Experimentation is a thorough chapter by Dominiek Sandra that provides the basics of empirical research, and more specifically of experimental design, as opposed to theoretical studies. Special attention is paid to several frequently used statistical tests. The next chapter, by Steven Gillis and Dorit Ravid, focuses on the main controversies and methodologies in the multidisciplinary field of language acquisition. The notions of bootstrapping and variation are developed, and both quantitative and qualitative descriptions of early and later language development are summarised.

Elizabeth Mertz and Jonathan Yovel provide different conceptualisations of the term metalanguage in their chapter and link it to the notion of metalinguistic awareness. They discuss how these concepts have been used in linguistic/empirical studies, with a focus on linguistic ideology, as well as in cognitive, psycholinguistic and developmental approaches. The following chapter, by Roger Lindsay, debates whether perception can be modified by language, and studies the relationship between language and perception from a cognitive point of view, stating that neuropsychological evidence suggests a functionally subdivided human information processing system.

Psycholinguistics, by Dominiek Sandra, is an extensive and well-organised chapter that includes a first section with the basics of this discipline: historical overview, main aims, key theoretical frameworks, general methods and research techniques. The second part explores in greater detail four issues: visual word recognition, word spelling, speech perception and speech production. Finally, Ton Dijkstra is the author of The multilingual lexicon, a chapter devoted to the multilingual processing system, and more specifically to the word recognition system in multilingual communication. The author advocates the existence of an integrated lexicon rather than different databases.

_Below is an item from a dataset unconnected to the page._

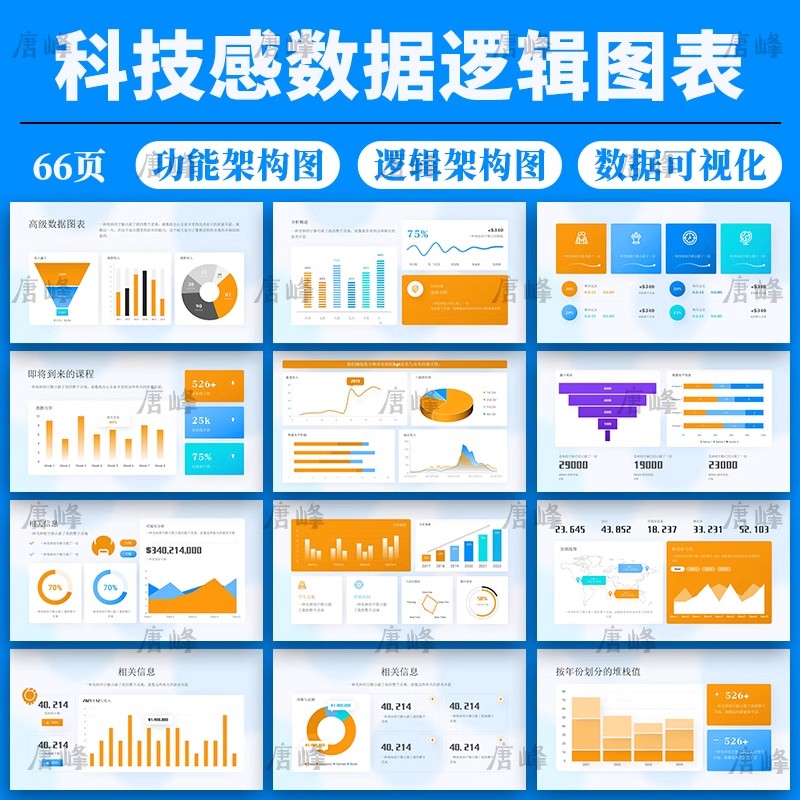 2款，高级科技感简约蓝色商务数据分析可视化功能逻辑架构图表ppt模板-三才资源库分享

The sixteen chapters of the volume, each followed by a comprehensive bibliography, compose a clear introduction to some key notions in a riveting area where linguistic and psychological approaches converge. Although a linear reading is possible, it has its setbacks: chapters are organised alphabetically by title and, just to put an example, a general introduction to cognitive science, which includes two paragraphs on artificial intelligence, is found after a whole chapter on this specific topic. I think a thematic organisation would have proved more helpful although it must be admitted that a thematic revision that can guide the reader is already included in the introductory chapter. On the other hand, despite the emphasis on both cognition and pragmatics in the title, in some contributions a closer focus on pragmatics is missed. Finally, the extension and complexity of the chapters varies and they sometimes lack certain degree of unification.

All in all, regardless of these minor personal considerations, Cognition and Pragmatics is a monumental endeavour in the field of language and cognition. The editors state that the contributions to the volume can be viewed as encyclopaedic articles with the most relevant information but can also be used as teaching tools and as reading materials for a wide range of courses. I totally subscribe this opinion and invite you to use the volume according to your own purposes, be it to get a wide overview of the field or to focus on a specific sub-item. In this regard, although translation is not explicitly addressed in the book, translators and researchers in specialised translation will undoubtedly find a source of inspiration both on the cognitive-based theoretical proposals and on the empirical approaches to science which are clearly exposed in the volume. 

Anna Matamala, Universitat Autònoma de Barcelona, TransMedia Research Group1.

anna.matamala@uab.cat

Note 1
This review is part of the Catalan Government Consolidated Research Group scheme with the reference 2009SGR700.